Work to complete -> Quote, without any change, the line that contains "2016 CHRYSLER 300" and all lines that follow it to the end of the data below.

Given data ->

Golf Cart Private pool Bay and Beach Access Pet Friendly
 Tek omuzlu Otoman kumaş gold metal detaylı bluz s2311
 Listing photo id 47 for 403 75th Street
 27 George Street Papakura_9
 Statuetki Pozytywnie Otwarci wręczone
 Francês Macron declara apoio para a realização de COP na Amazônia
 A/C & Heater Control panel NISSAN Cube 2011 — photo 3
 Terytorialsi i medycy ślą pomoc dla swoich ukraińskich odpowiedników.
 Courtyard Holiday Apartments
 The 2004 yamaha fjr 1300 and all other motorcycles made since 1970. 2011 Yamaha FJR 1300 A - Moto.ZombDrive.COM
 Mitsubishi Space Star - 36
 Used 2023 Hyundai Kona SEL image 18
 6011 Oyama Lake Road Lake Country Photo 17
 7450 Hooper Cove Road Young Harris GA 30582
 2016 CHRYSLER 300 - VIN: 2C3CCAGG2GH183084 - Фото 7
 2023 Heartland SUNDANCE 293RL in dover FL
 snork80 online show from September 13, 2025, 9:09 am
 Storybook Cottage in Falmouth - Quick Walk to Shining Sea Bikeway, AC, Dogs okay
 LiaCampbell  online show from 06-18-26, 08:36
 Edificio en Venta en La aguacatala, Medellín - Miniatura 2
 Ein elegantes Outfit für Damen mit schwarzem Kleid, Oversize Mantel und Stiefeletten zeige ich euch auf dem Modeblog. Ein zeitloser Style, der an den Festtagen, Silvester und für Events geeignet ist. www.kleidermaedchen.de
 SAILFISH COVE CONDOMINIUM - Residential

Response to this exercise ->
 2016 CHRYSLER 300 - VIN: 2C3CCAGG2GH183084 - Фото 7
 2023 Heartland SUNDANCE 293RL in dover FL
 snork80 online show from September 13, 2025, 9:09 am
 Storybook Cottage in Falmouth - Quick Walk to Shining Sea Bikeway, AC, Dogs okay
 LiaCampbell  online show from 06-18-26, 08:36
 Edificio en Venta en La aguacatala, Medellín - Miniatura 2
 Ein elegantes Outfit für Damen mit schwarzem Kleid, Oversize Mantel und Stiefeletten zeige ich euch auf dem Modeblog. Ein zeitloser Style, der an den Festtagen, Silvester und für Events geeignet ist. www.kleidermaedchen.de
 SAILFISH COVE CONDOMINIUM - Residential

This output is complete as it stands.